Records from a data source:
Segment Open

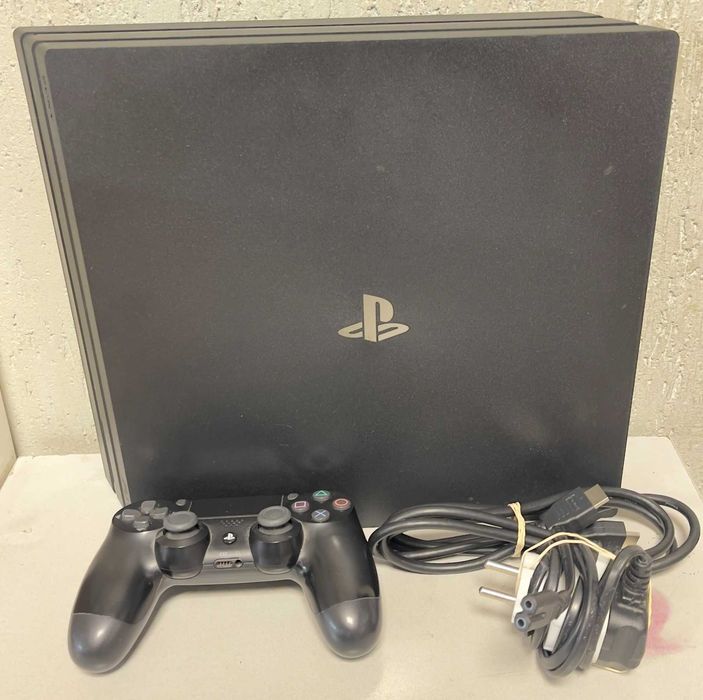 Playstation 4 Pro 1TB+1 джойстик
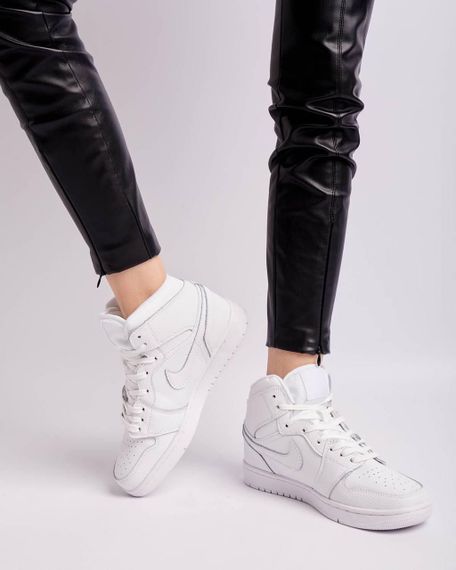 Кросівки Air Jordan 1 High All White  весна / літо / осінь 41 | Зображення 1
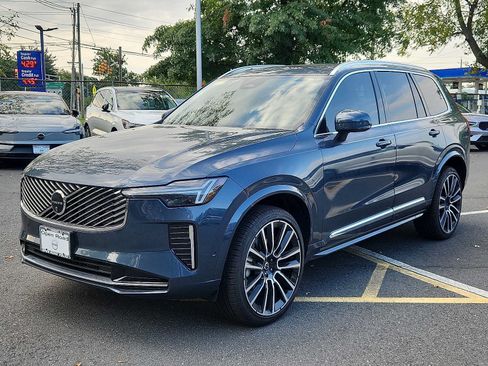 Used 2025 Volvo XC90 B6 Ultra w/ Protection Package Premier AWD/4WD image 3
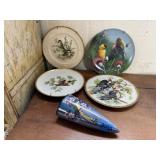 Lefton, decorative bird plates, wall pocket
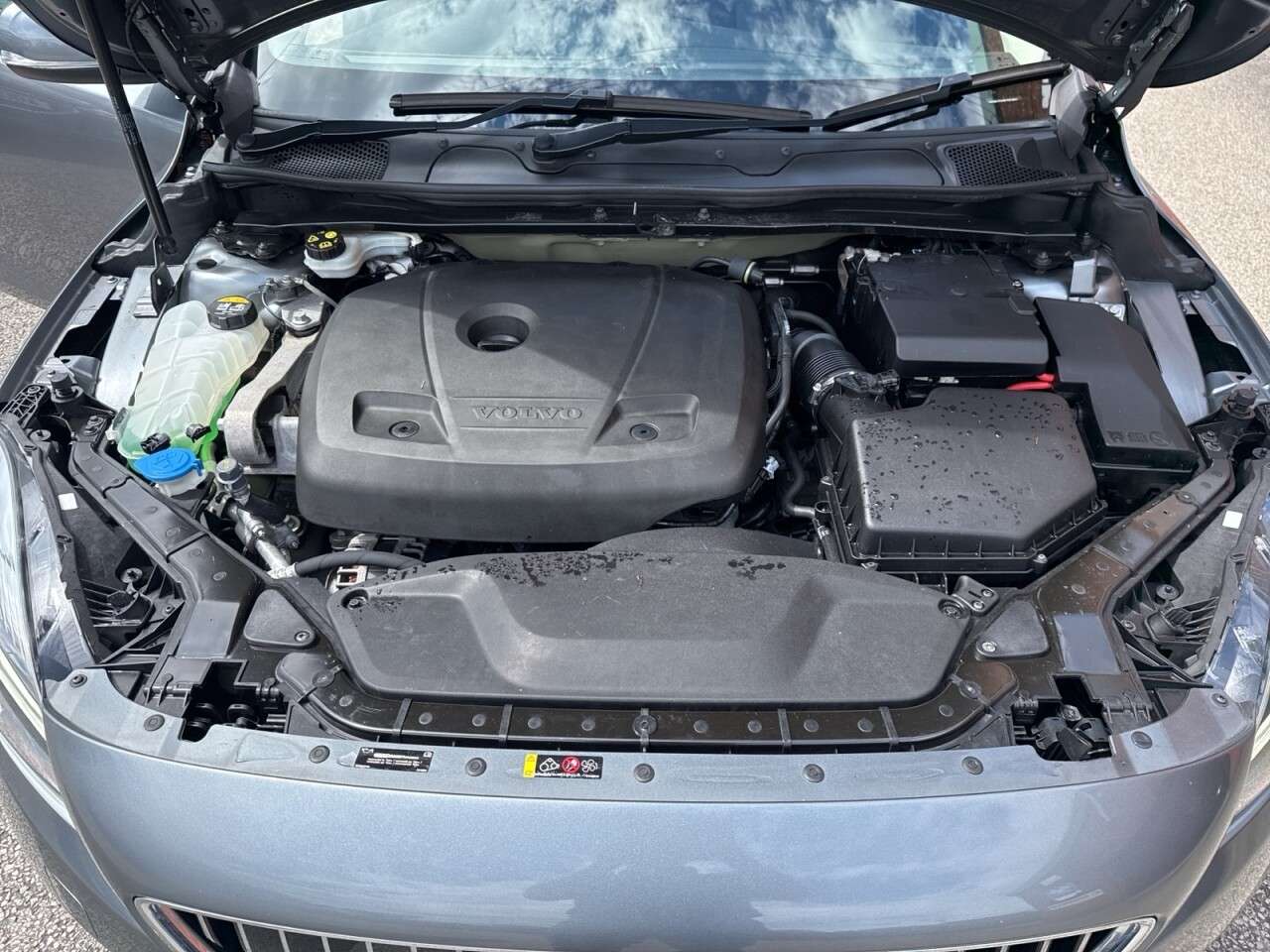 2018 VOLVO V40 2018 VOLVO V40
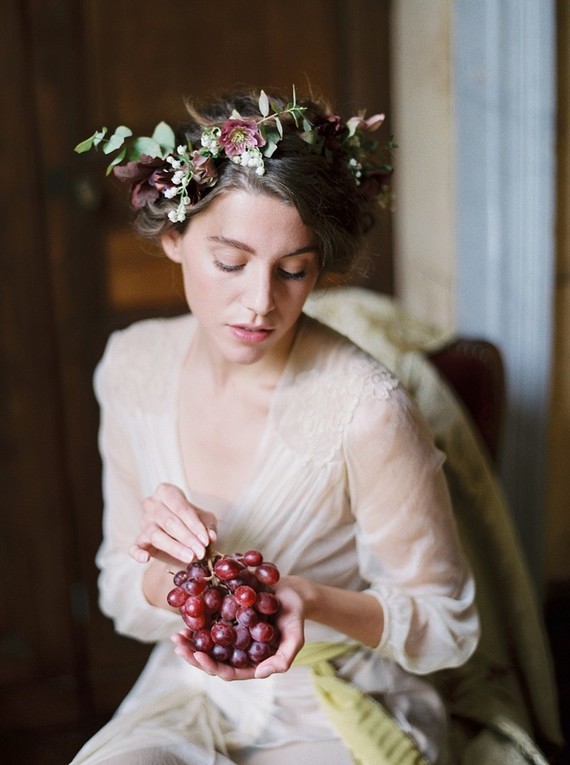 Moody romantic burgundy wedding ideas in France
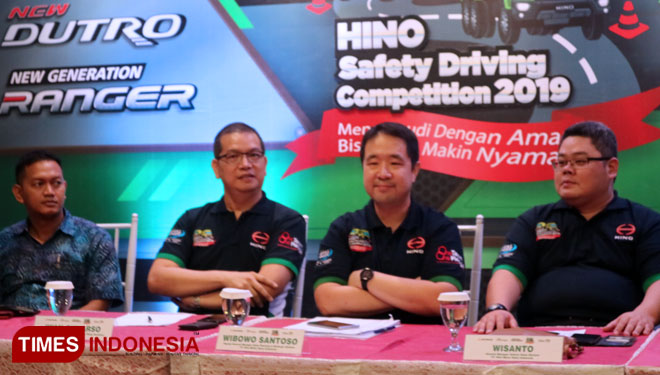 Press conference Hino Safety Riding Competition 2019 di Trilium Surabaya, Kamis (17/10/2019).(Foto : Lely Yuana/TIMES Indonesia) 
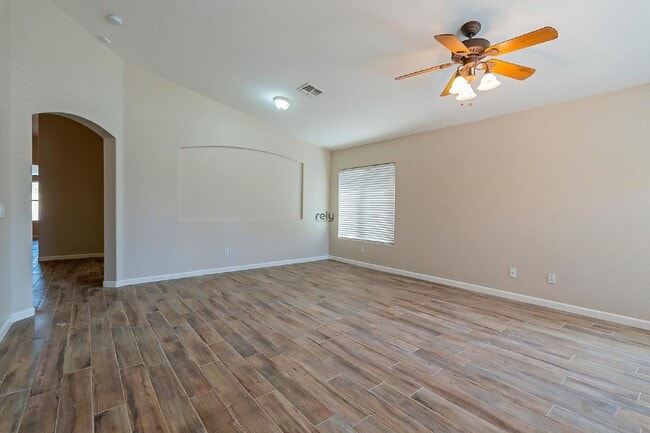 Building Photo - 11570 W Yuma St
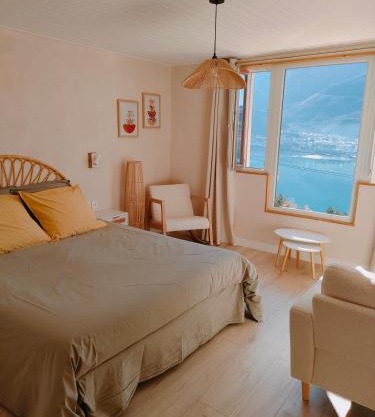 Le Cosy du Plongeoir - T2 neuf avec vue sur le lac de Serre Ponçon et grande terrasse avec jardin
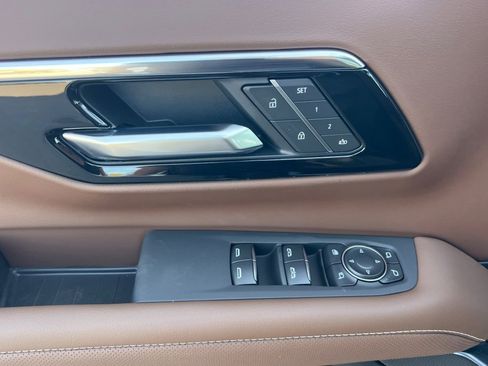 New 2026 Chevrolet Suburban High Country image 8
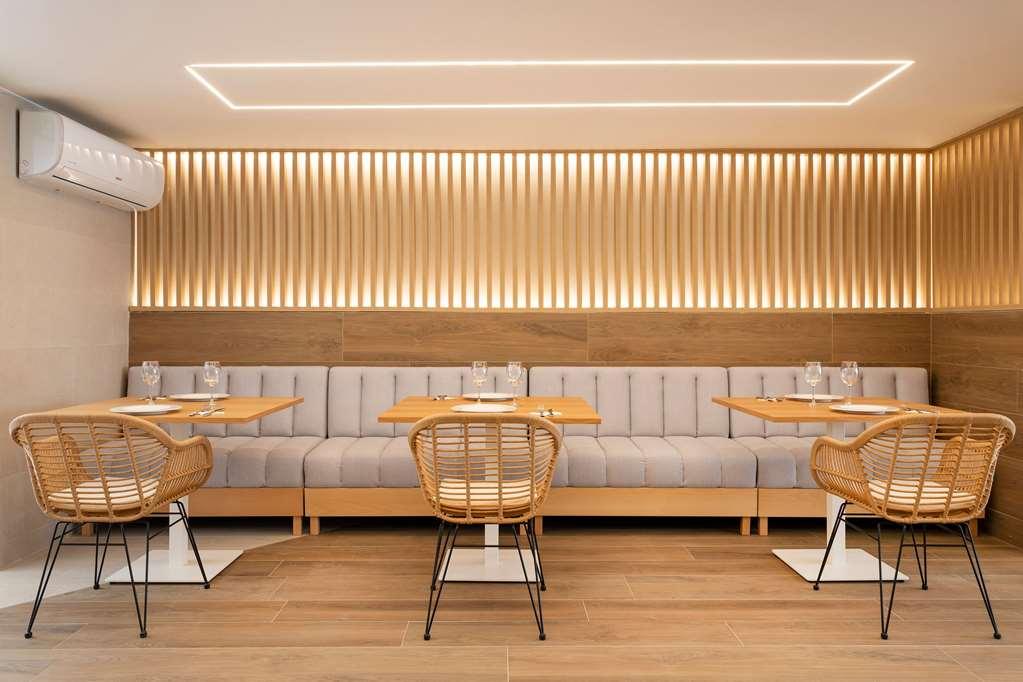Halley Hotel & Apartments Affiliated By Melia Benidorm Restaurant photo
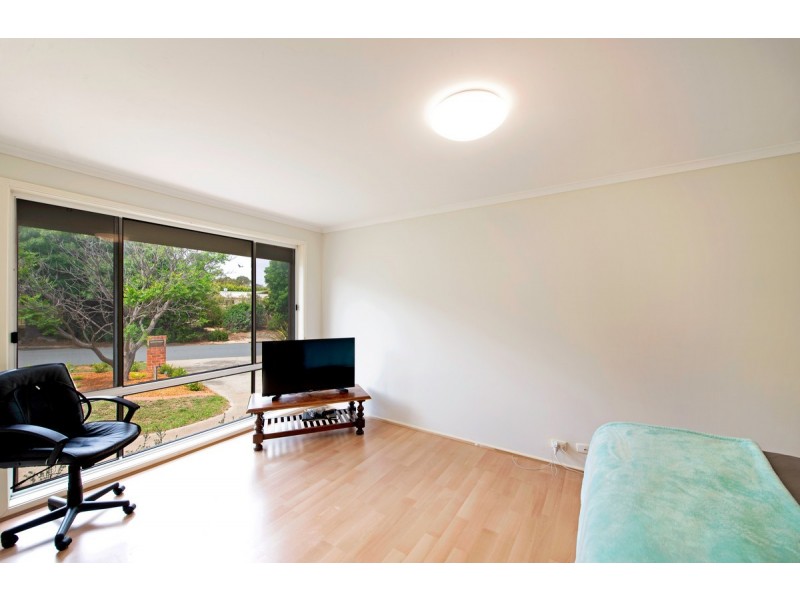 18 Brittlebank Circuit, Banks ACT 2906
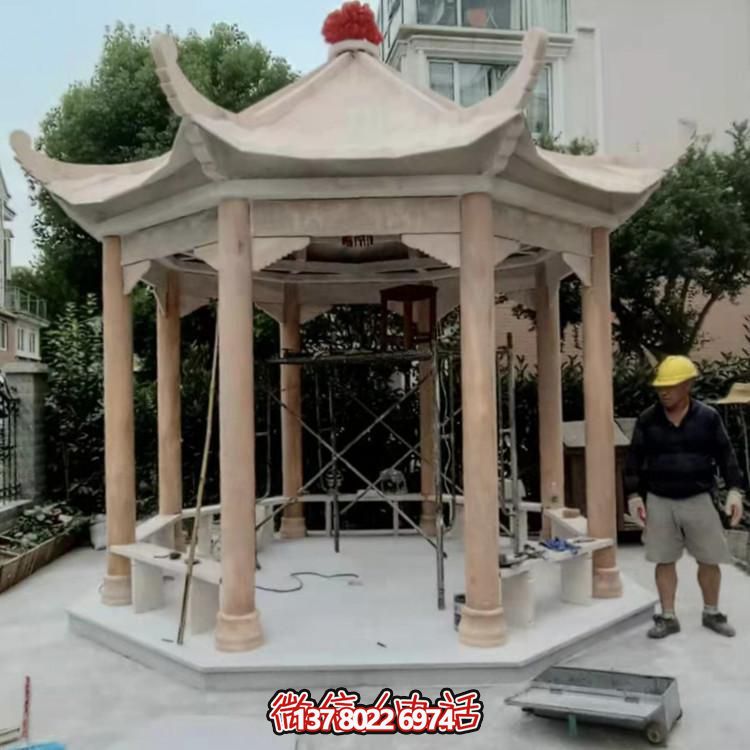 紅古涼亭，讓你在小區花園里享受晚霞美景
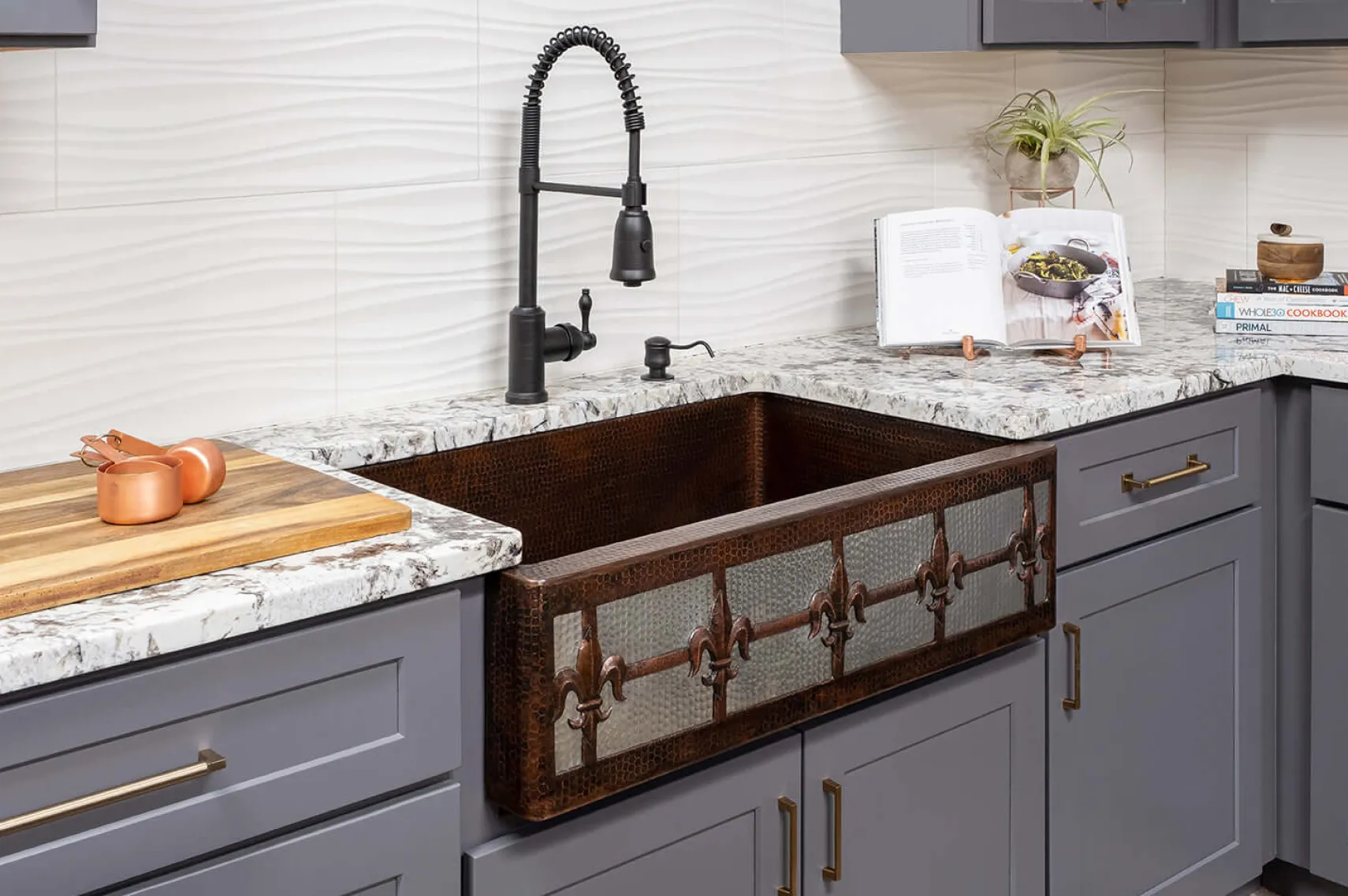 Premier Copper Products 33" Hammered Copper Kitchen Apron Single Basin Farmhouse Sink w/ Fleur De Lis and Apron Front Nickel Background with Matching Drain and Accessories, Oil Rubbed Bronze and Nickel, KSP3_KASDB33229F-NB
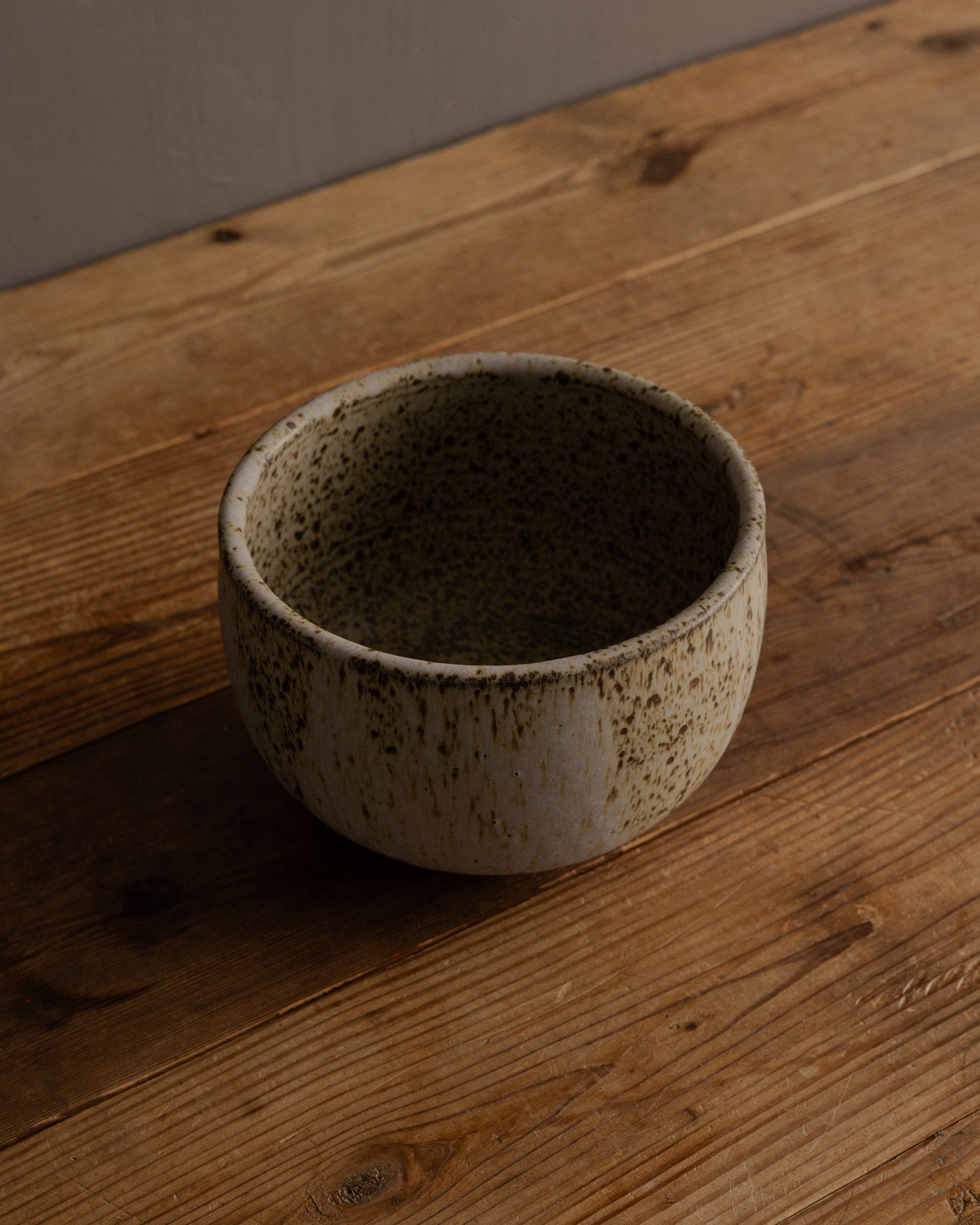 Kat & Roger — Speckled Bowl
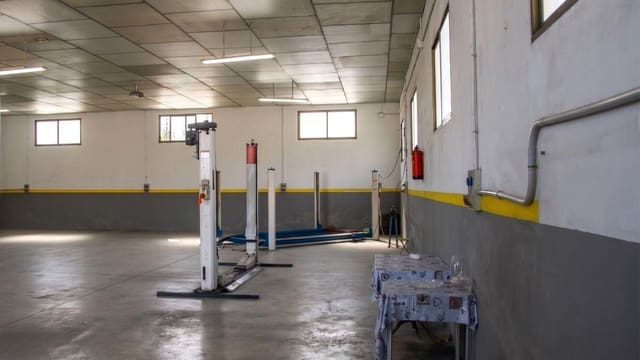 Firma/Unternehmen zu verkaufen in Matola, Elche / Elx mit Garage - 309.900 € (Ref: 9945662)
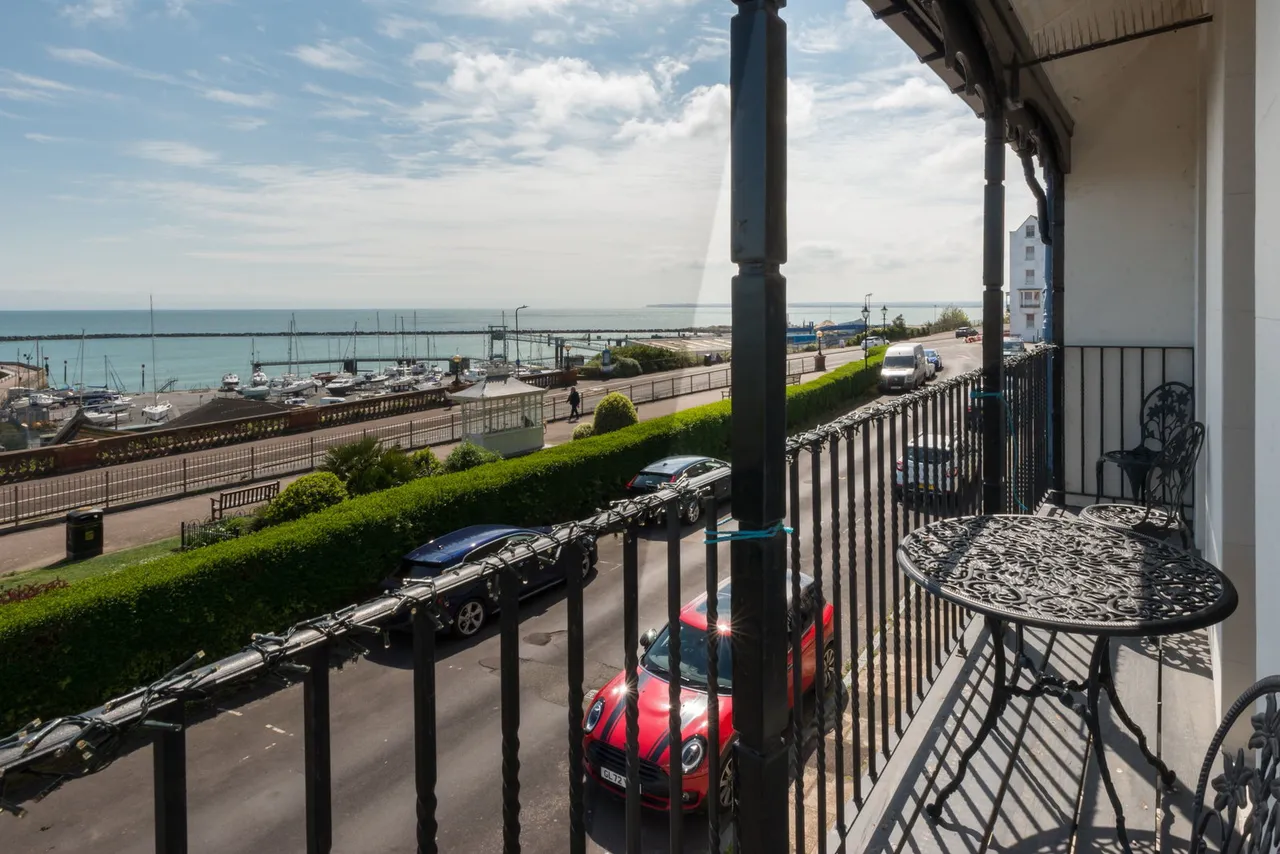 Nelson Crescent, Ramsgate, CT11 9JF, photo 8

Segment Closed

_Exercise requirements_. "紅古涼亭，讓你在小區花園里享受晚霞美景" marks the last line to keep. Retype every line from the start of the entries through that one, exactly, and drop the pictures.

_Problem solution_.
 Playstation 4 Pro 1TB+1 джойстик
 Кросівки Air Jordan 1 High All White  весна / літо / осінь 41 | Зображення 1
 Used 2025 Volvo XC90 B6 Ultra w/ Protection Package Premier AWD/4WD image 3
 Lefton, decorative bird plates, wall pocket
 2018 VOLVO V40 2018 VOLVO V40
 Moody romantic burgundy wedding ideas in France
 Press conference Hino Safety Riding Competition 2019 di Trilium Surabaya, Kamis (17/10/2019).(Foto : Lely Yuana/TIMES Indonesia) 
 Building Photo - 11570 W Yuma St
 Le Cosy du Plongeoir - T2 neuf avec vue sur le lac de Serre Ponçon et grande terrasse avec jardin
 New 2026 Chevrolet Suburban High Country image 8
Halley Hotel & Apartments Affiliated By Melia Benidorm Restaurant photo
 18 Brittlebank Circuit, Banks ACT 2906
 紅古涼亭，讓你在小區花園里享受晚霞美景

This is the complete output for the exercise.